As in any city, be alert so that you avoid pickpockets, don’t take pictures of performers on the metro like I did (because they will ask for a tip if they see you snapping their picture), and listen out for your stop to be announced while paying attention to the map provided inside of your metro car. Pretty soon, you’ll be making your way through the metro system like a Parisian pro!
Relax in the Park in the Middle of the Day
The moment I realized that Parisians are truly masters of joie de vivre was when Jave and I visited Tuileries Garden in the middle of a weekday. It must’ve been about 1pm or so local time, and lo and behold, hundreds of Parisians were out relaxing in the park. I’ve never witnessed such leisurely midday lounging in any big city here in the U.S. – ever!
I’m assuming that these Parisians were on their lunch breaks while they were out basking in the sun and enjoying each other’s company. Here in the U.S., most people I know either eat lunch at their desks (like me), go out for a quick bite, or take a short walk before returning to their desks to get back on the grind. But lounging on the grass while reading, napping, or chatting it up?! I have yet to witness this phenomenon at home on such a large scale. In many respects, this being one of them, the French really have us Americans beat in terms of quality of life.
Eat Lots & Lots of Pastries & Baguettes without the Guilt
From what I could tell, there’s no carb counting while in Paris. Parisians eat their baguettes and pastries with abandon. And man, they’re good! Seriously, I quickly adapted to this aspect of the Parisian diet and never went a day without a dose of baguettes. They’re the freshest ever! And while you’re out and about moving through the city like a true Parisian, take a break to rest your feet at a local café where you can rejuvenate with coffee and a pastry.

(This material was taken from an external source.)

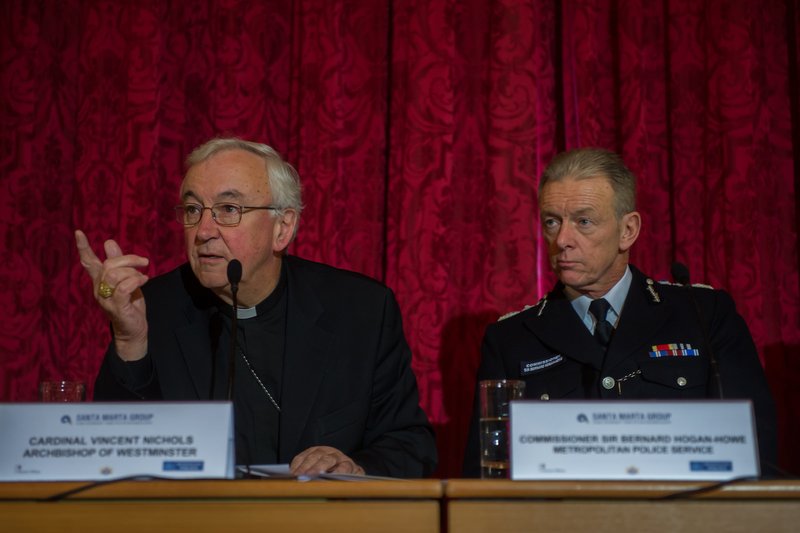 El cardenal Vincent Nichols de Westminster habla durante una conferencia sobre la trata de seres humanos en Londres el 6 de diciembre, 2014. Imagen referencial. (Foto: CNS /Marcin Mazur, Catholic Communications Network)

And there’s never cause to feel guilty about these indulgences as you’ll be burning so many calories with all of the walking you’ll do around the city. It’s no wonder we didn’t see a single obese person in Paris (or in all of France for that matter).
Eat Where the Locals Eat
If you take my advice and rent a flat, you’ll quickly get a sense of the restaurants around you that are popular with the locals. I did my research ahead of time, so I knew that L’As Du Fallafel was a good restaurant near our apartment in Le Marais where we could get a delicious and extremely reasonably priced falafel meal.
There’s another falafel restaurant across from this one, but sadly, there weren’t many people inside and one of the workers was pleading with passersby to come in and dine. We took our cues from the majority of the locals and stuck with L’As Du Fallafel. It didn’t disappoint.
Shop on Rue Montorgueil
If you’re headed to Paris, be sure to check out Rue Montorgueil which spans the 1st and 2nd arrondissements. This street is full of restaurants, cafés, fromageries, bakeries, and so much more.
In fact, La Maison Stohrer, one of Paris’ oldest bakeries, is located on this street, and I can attest that it makes some of the best éclairs and baguettes I’ve ever tasted. Wherever you decide to shop, you’re sure to blend right in with the locals on busy Rue Montorgueil.
Hang Out Along the Canal
I’ll be writing a separate post about Canal Saint-Martin which runs underground between the Bastille and République and runs for 4.5-km through Paris, but the banks of the canal are a popular hangout for Parisians who gather there to catch up with friends and to generally relax. So if you want to have a truly Parisian experience, be sure to find your spot along the canal’s banks as well.